[[ Data extracts open ]]

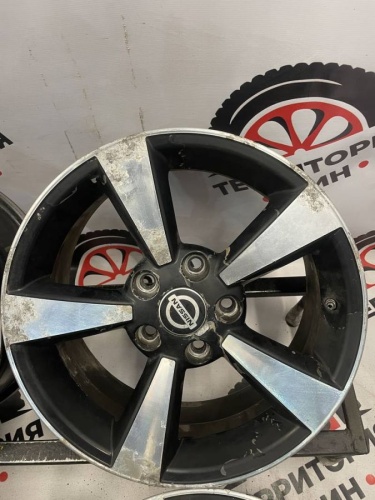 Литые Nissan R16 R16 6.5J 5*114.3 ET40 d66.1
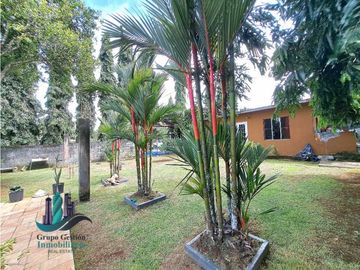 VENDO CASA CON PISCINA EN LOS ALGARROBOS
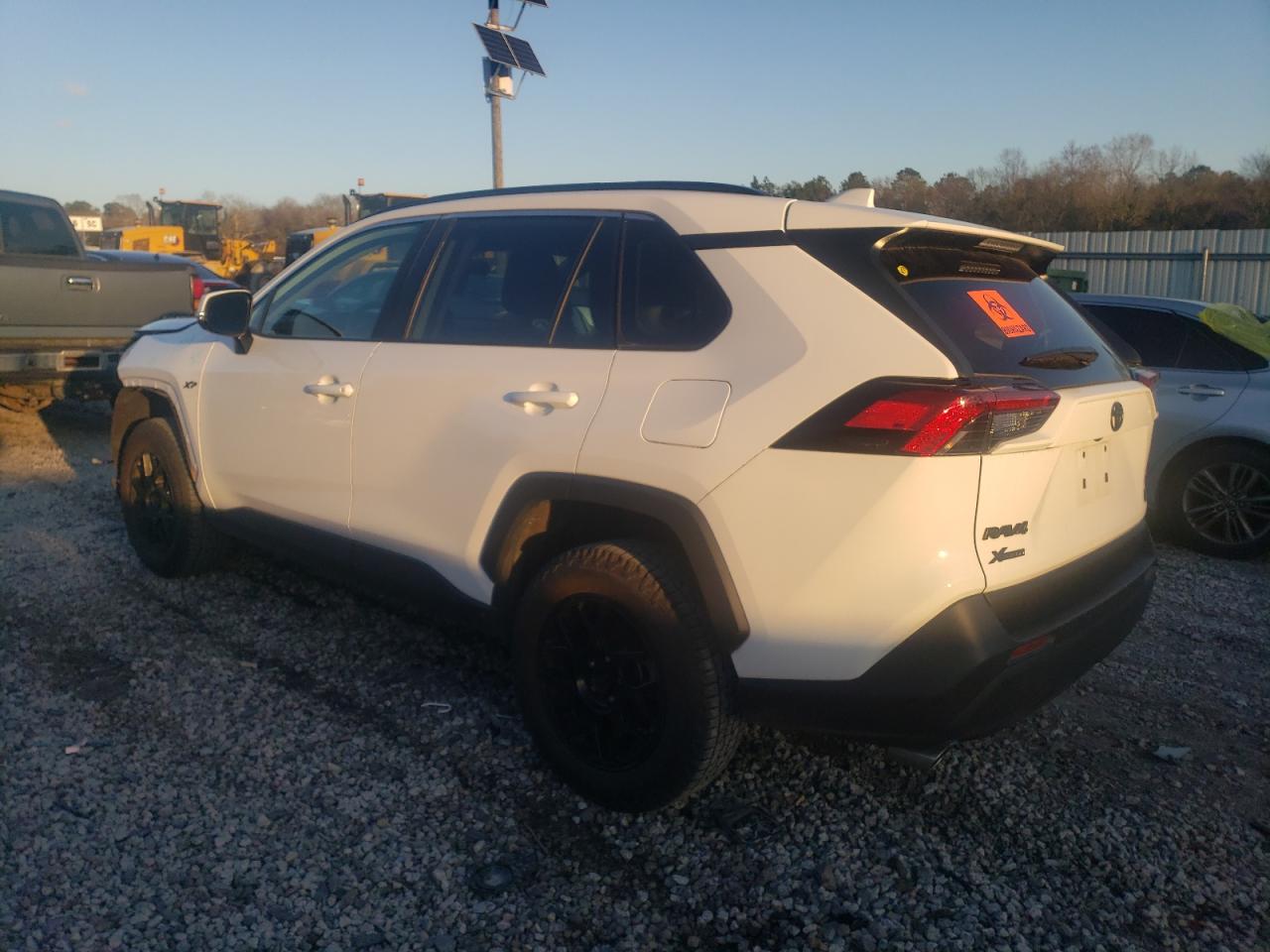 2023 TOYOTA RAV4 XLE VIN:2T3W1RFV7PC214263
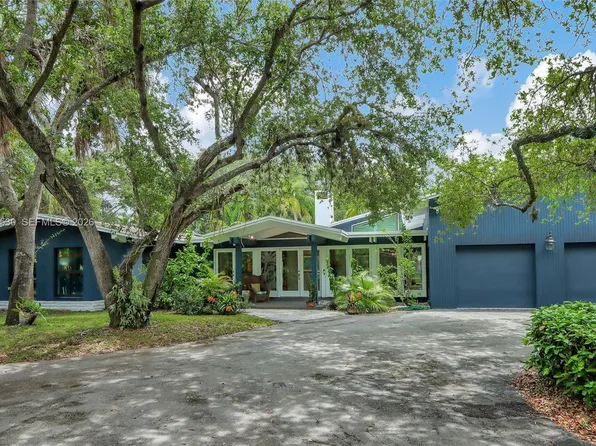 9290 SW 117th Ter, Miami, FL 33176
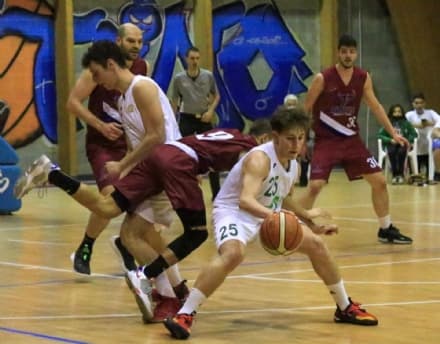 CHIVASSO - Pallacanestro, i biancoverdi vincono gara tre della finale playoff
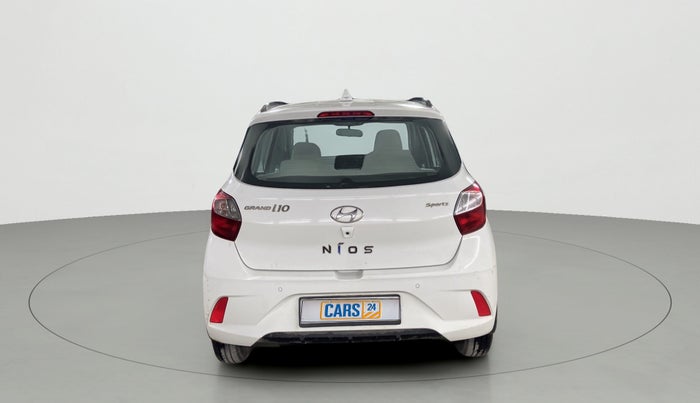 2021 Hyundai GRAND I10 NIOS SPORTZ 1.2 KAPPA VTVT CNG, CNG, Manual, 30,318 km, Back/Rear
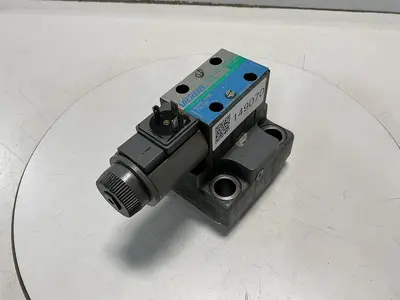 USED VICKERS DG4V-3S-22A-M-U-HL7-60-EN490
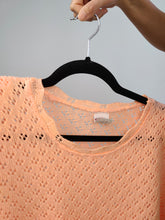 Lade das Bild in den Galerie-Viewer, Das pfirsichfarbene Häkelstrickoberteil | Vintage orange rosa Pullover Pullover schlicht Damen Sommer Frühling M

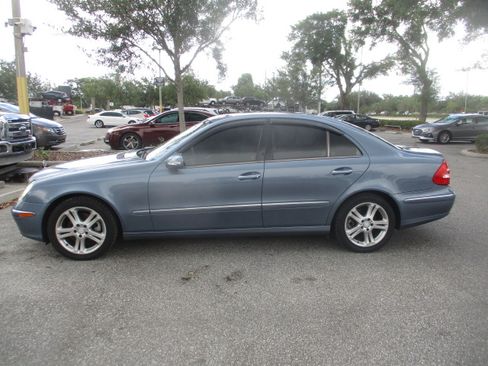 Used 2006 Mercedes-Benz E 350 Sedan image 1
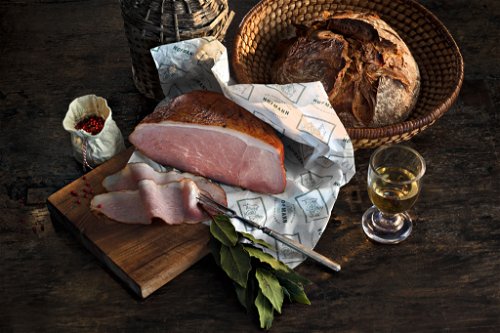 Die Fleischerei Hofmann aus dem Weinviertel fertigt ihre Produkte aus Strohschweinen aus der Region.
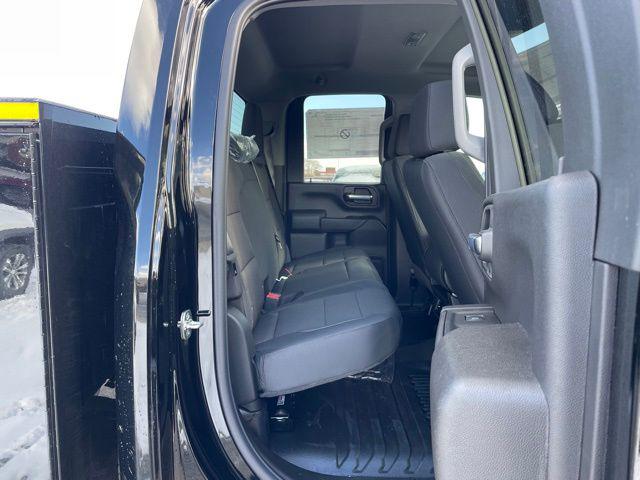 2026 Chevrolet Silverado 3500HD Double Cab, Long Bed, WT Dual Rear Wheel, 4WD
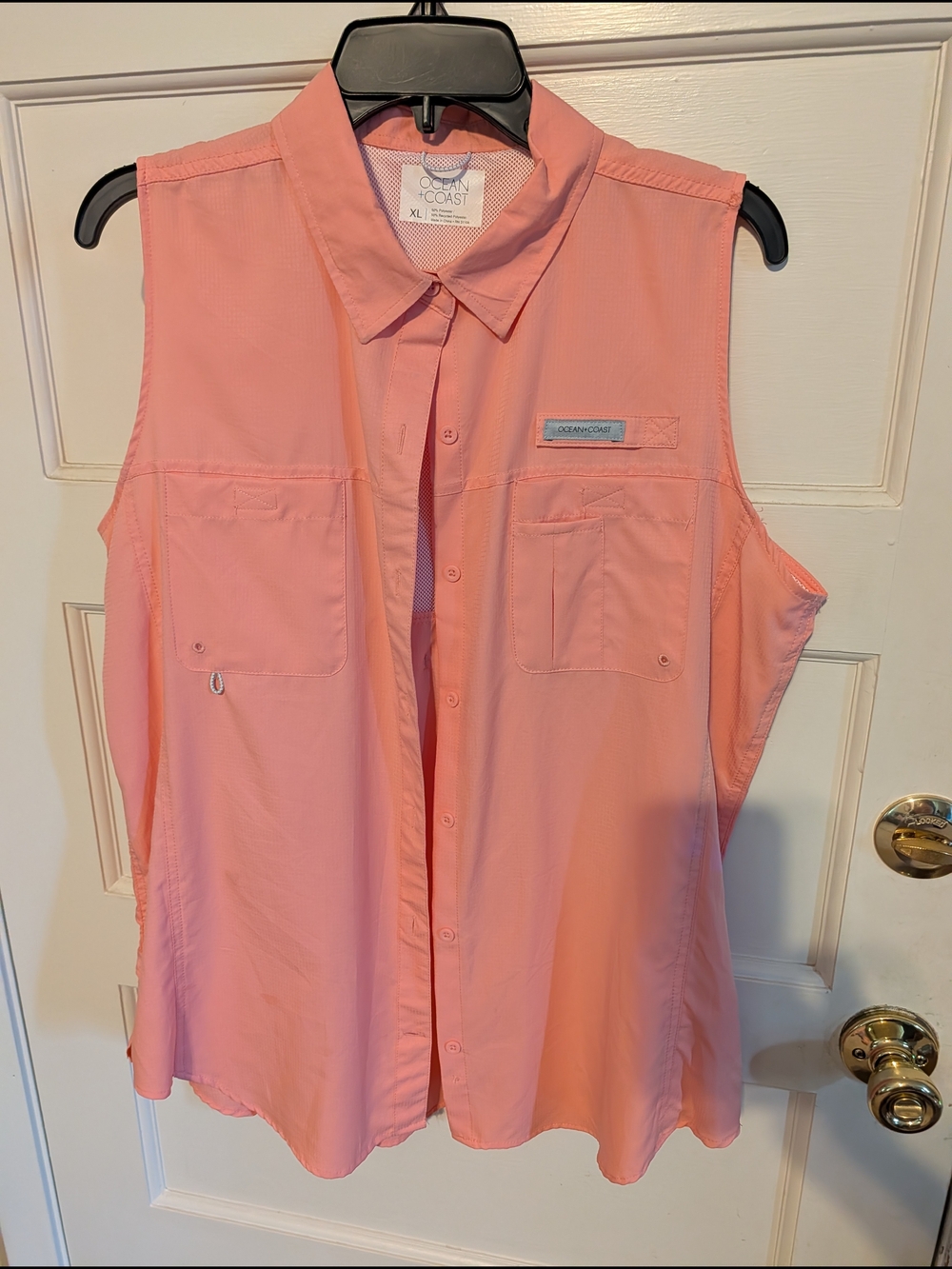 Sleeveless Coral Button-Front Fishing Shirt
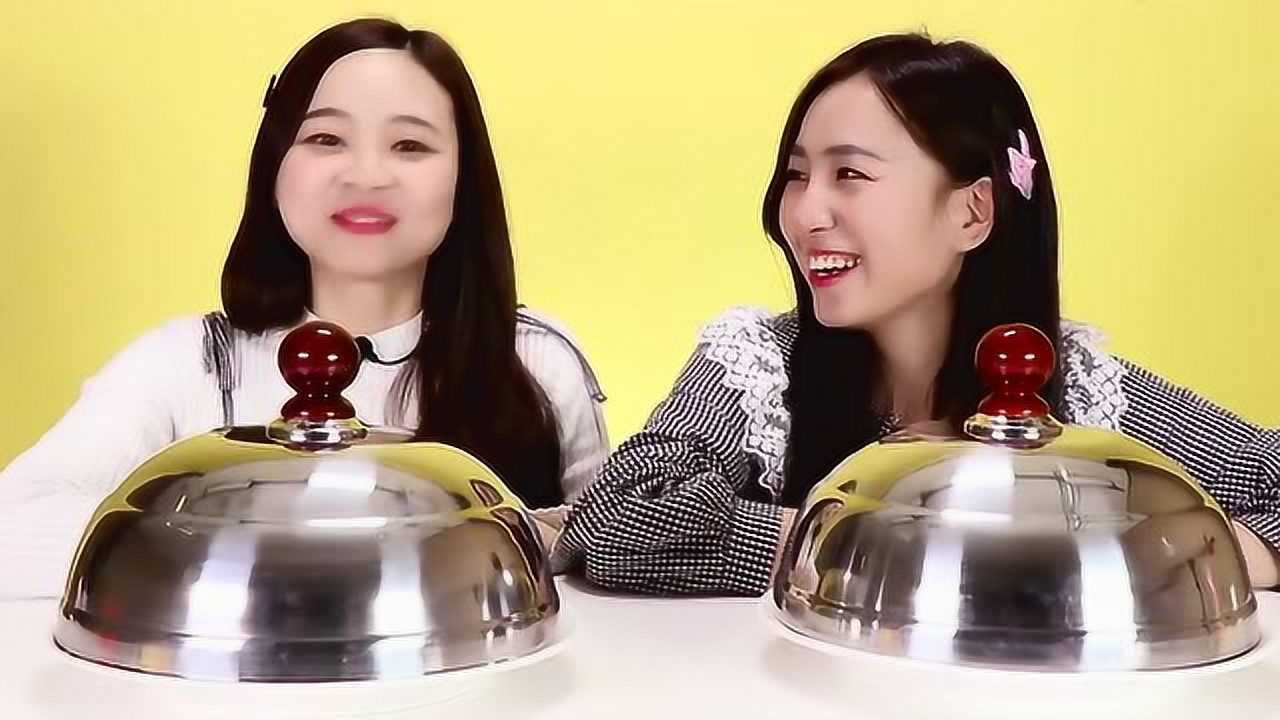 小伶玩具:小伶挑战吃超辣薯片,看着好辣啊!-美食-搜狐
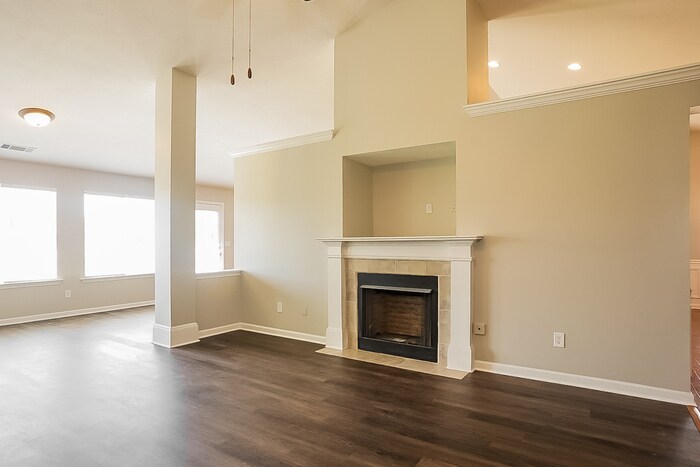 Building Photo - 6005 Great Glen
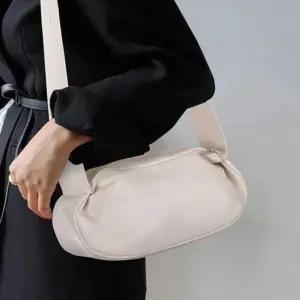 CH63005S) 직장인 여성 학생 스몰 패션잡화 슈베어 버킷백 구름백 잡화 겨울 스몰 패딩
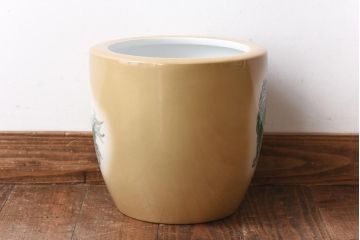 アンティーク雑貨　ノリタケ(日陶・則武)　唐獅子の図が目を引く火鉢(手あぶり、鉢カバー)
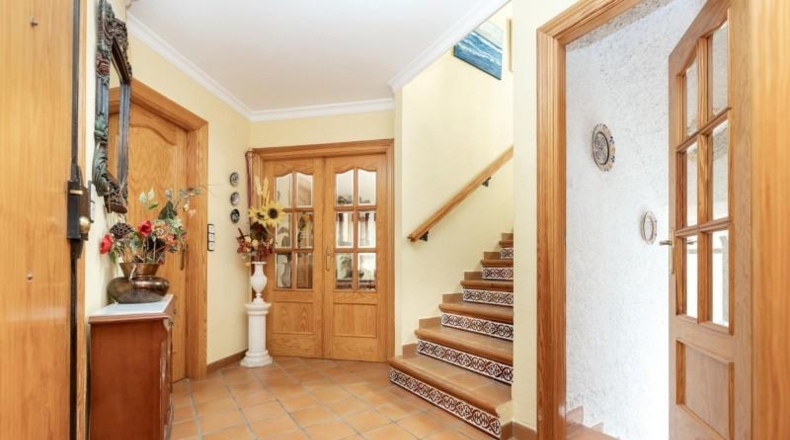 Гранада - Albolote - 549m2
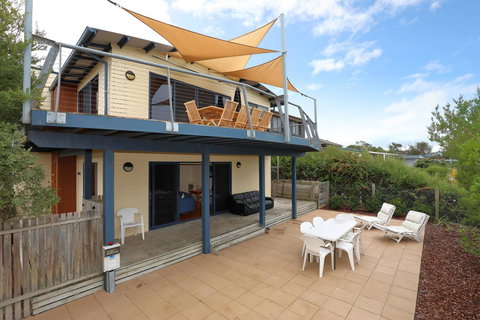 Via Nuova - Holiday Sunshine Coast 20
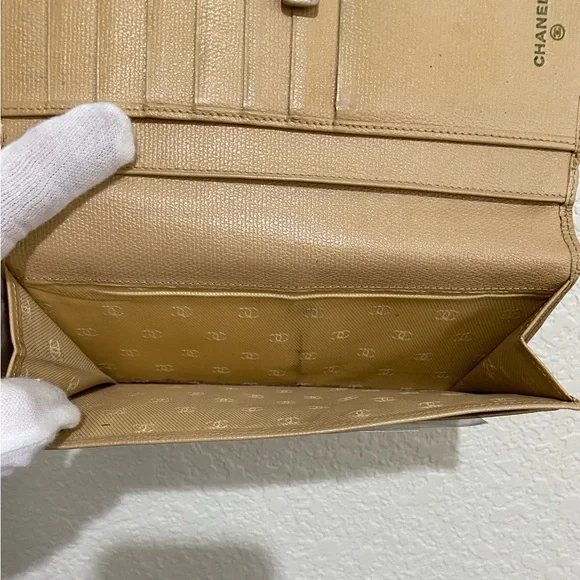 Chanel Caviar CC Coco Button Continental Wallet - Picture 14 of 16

[[ Data extracts closed ]]

• Work item: In the listing above, the required lines run from the line with "2021 Hyundai GRAND" through the line with "アンティーク雑貨　ノリタケ(日陶・則武)". Output exactly those lines, omitting pictures.

• Result of this exercise:
 2021 Hyundai GRAND I10 NIOS SPORTZ 1.2 KAPPA VTVT CNG, CNG, Manual, 30,318 km, Back/Rear
 USED VICKERS DG4V-3S-22A-M-U-HL7-60-EN490
 Lade das Bild in den Galerie-Viewer, Das pfirsichfarbene Häkelstrickoberteil | Vintage orange rosa Pullover Pullover schlicht Damen Sommer Frühling M

 Used 2006 Mercedes-Benz E 350 Sedan image 1
 Die Fleischerei Hofmann aus dem Weinviertel fertigt ihre Produkte aus Strohschweinen aus der Region.
 2026 Chevrolet Silverado 3500HD Double Cab, Long Bed, WT Dual Rear Wheel, 4WD
 Sleeveless Coral Button-Front Fishing Shirt
 小伶玩具:小伶挑战吃超辣薯片,看着好辣啊!-美食-搜狐
 Building Photo - 6005 Great Glen
 CH63005S) 직장인 여성 학생 스몰 패션잡화 슈베어 버킷백 구름백 잡화 겨울 스몰 패딩
 アンティーク雑貨　ノリタケ(日陶・則武)　唐獅子の図が目を引く火鉢(手あぶり、鉢カバー)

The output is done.